The European Economic Security Strategy

The Draft Regulation on FDI screening, unveiled as part of a quintet of initiatives by the Commission in January 2024, marks a significant step in advancing European economic security. This move is in sync with the European Economic Security Strategy outlined in June 2023 by the European Commission and High Representative for Foreign Affairs Josep Borrell, focusing on four critical risk areas: supply chains, security of critical infrastructure (both physical and cyber), preventing technology leakage, and the weaponization of economic dependencies.

Set against a backdrop of escalating geopolitical tensions, notably in Ukraine and the Middle East, these measures underscore the urgency of mitigating risks and reducing the EU’s reliance on detrimental external dependencies. The comprehensive strategy aims to improve the EU’s economic resilience by maintaining trade, investment, and research openness, enhancing mechanisms for risk assessment in both inbound and outbound investments, improving coordination in export controls, and fostering the development and secure research of dual-use technologies.

If adopted, the new FDI framework is anticipated to significantly influence sectors such as solar and wind energy, electric vehicles, and semiconductor technology, particularly addressing concerns over foreign, notably Chinese, investments in these areas.

Anticipated response of Member States

The introduction of new FDI requirements may encounter resistance from Member States. To reach the desired level of harmonization, a majority of Member States will need to significantly overhaul their existing national screening frameworks. Additionally, some may view the enhanced screening obligations as an undue burden, potentially deterring investment. FDI screening is regarded by many Member States as a crucial aspect of their strategic autonomy, with some hesitant to cede greater control to the European Commission or other Member States, fearing a loss of national interest oversight. This reluctance could manifest in the invocation of Article 346 TFEU to safeguard their “national security sovereignty” against the Commission’s influence.
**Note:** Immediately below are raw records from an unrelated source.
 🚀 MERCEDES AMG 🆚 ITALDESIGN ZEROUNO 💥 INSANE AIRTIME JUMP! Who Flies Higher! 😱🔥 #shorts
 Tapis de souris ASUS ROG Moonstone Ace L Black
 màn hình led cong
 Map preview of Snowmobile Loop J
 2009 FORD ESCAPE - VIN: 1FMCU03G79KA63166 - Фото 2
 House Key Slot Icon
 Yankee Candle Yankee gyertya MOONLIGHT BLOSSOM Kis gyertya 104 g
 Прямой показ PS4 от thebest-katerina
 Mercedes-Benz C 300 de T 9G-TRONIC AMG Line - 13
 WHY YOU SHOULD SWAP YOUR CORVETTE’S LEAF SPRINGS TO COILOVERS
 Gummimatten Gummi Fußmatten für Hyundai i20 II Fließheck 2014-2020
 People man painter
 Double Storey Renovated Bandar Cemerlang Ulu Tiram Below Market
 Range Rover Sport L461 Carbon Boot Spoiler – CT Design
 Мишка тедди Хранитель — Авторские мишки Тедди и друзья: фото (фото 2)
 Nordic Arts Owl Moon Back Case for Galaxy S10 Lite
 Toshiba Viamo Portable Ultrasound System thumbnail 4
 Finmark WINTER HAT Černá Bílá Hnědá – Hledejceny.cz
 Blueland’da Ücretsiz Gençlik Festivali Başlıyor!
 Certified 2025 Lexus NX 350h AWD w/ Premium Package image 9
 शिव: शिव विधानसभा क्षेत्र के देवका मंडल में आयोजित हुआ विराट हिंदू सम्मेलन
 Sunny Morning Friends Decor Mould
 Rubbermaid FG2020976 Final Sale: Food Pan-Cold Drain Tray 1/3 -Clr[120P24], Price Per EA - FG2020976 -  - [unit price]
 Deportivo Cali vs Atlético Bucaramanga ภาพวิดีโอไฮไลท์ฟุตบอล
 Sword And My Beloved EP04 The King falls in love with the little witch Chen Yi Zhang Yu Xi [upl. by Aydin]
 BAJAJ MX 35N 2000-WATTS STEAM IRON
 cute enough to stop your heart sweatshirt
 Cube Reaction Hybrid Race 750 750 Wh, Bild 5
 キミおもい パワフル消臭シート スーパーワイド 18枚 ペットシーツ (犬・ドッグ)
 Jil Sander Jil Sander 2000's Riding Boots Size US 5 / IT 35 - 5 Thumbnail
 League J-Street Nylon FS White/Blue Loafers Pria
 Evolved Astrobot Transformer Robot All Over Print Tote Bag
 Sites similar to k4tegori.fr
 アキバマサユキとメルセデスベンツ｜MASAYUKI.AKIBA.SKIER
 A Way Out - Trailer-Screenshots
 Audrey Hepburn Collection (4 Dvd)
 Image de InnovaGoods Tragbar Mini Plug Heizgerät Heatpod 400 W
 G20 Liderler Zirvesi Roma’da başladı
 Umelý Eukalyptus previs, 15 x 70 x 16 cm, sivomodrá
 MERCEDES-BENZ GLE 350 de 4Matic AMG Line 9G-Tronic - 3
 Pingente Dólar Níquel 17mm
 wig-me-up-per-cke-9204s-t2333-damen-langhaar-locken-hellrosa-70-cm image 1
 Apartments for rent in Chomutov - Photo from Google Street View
The response of Member States to these new mandates, particularly those that have only recently updated their screening mechanisms (like Ireland and Bulgaria) in alignment with the existing EU FDI Screening Regulation, remains uncertain due to the extensive reforms and resources required.

Next steps

The Commission’s proposal for a new FDI regulation will have to follow the ordinary legislative procedure, with scrutiny from both the European Parliament (EP) and the Council of the EU. The upcoming EP elections in June 2024, and the current focus of the Belgian Council Presidency to finalize ongoing legislative proposals before the end of its mandate will most certainly delay the legislative process. For now, the appointment of lead draftspersons and allocation of the proposal to the relevant committee is scheduled for September 2024 once the new Parliament is in place.

The new FDI regulation is currently expected to become effective in 2026. Once adopted, it will start applying 15 months after publication in the Official Journal of the EU to give Member States sufficient time to adapt their national screening mechanisms.